Yes. You can tease those notes out. It’s all in how and where you strike the note with the pick, combined with the left-hand vibrato. In fact, there are some songs on Double Standards in which I’m playing what sounds like a straight archtop, and then on the solo there’s what sounds like a different guitar—but it was just one take and all I did was play slightly differently and suddenly it went from sounding like a Gibson L-5 archtop to a Maccaferri.

How does the fact that Django played his lines with just two fingers enter into it?
If I am trying to play more in Django’s style I find that I just unconsciously tend to use two fingers a lot of the time. I’ve also discovered that many of the chromatic phrases that Django played are actually easier to play with two fingers than with four.

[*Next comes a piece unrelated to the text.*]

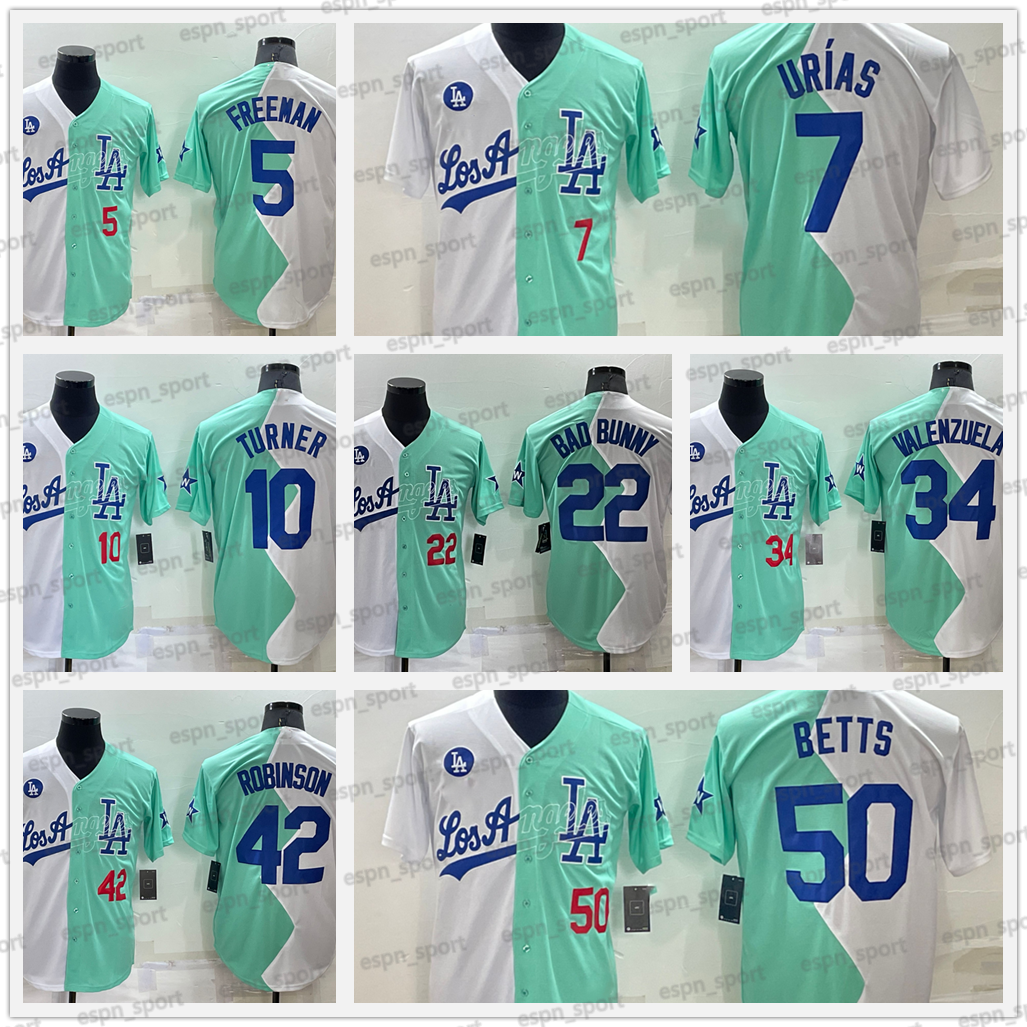 Mookie Betts Bad Bunny Dodgers 2021 City Connect Jersey Cody Bellinger Max Muncy Max Scherzer Trea Turner Zach McKinstry Julio Urias Kershaw Taylor Jerseys, Mens cool base
Mookie Betts Bad Bunny Dodgers 2021 City Connect Jersey Cody Bellinger Max Muncy Max Scherzer Trea Turner Zach McKinstry Julio Urias Kershaw Taylor Jerseys, Mens cool base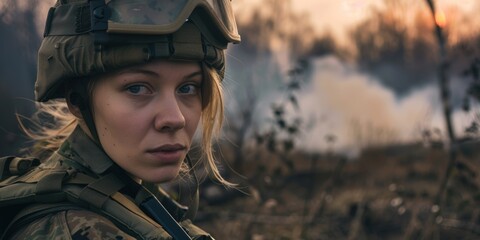 A soldier in camouflage gear looking serious in a misty forest at dawn.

What does the 100th anniversary of Django Reinhardt’s birthday mean to you?
Gypsy jazz was the first music that I heard. My dad came from a Gypsy family, and he was very proud of Django and used to play all his records. But I was never into impersonating him. The reason the band is called the Spirit of Django is that when I played the music for Stéphane he said, “You’ve captured the spirit of Django but in your own style.” Interestingly, I’ve seen a lot of guitarists from rock and blues backgrounds that have discovered Gypsy jazz, and they respond almost like someone discovering a religion that they weren’t brought up in. They become totally obsessed and trade in their spandex trousers for French suits and little Django mustaches [laughs].

I play at a lot of the festivals in France and Germany, and many of the younger guitarists play in a sort of offshoot of the traditional Django style in which speed is everything. But Django didn’t actually play fast very often. Django told Stéphane his favorite jazz musician was Louis Armstrong, and if you listen you can hear it in much of his playing. A lot of Django’s phrasing comes from Armstrong, which is something that most of the impersonators don’t get because they don’t realize that.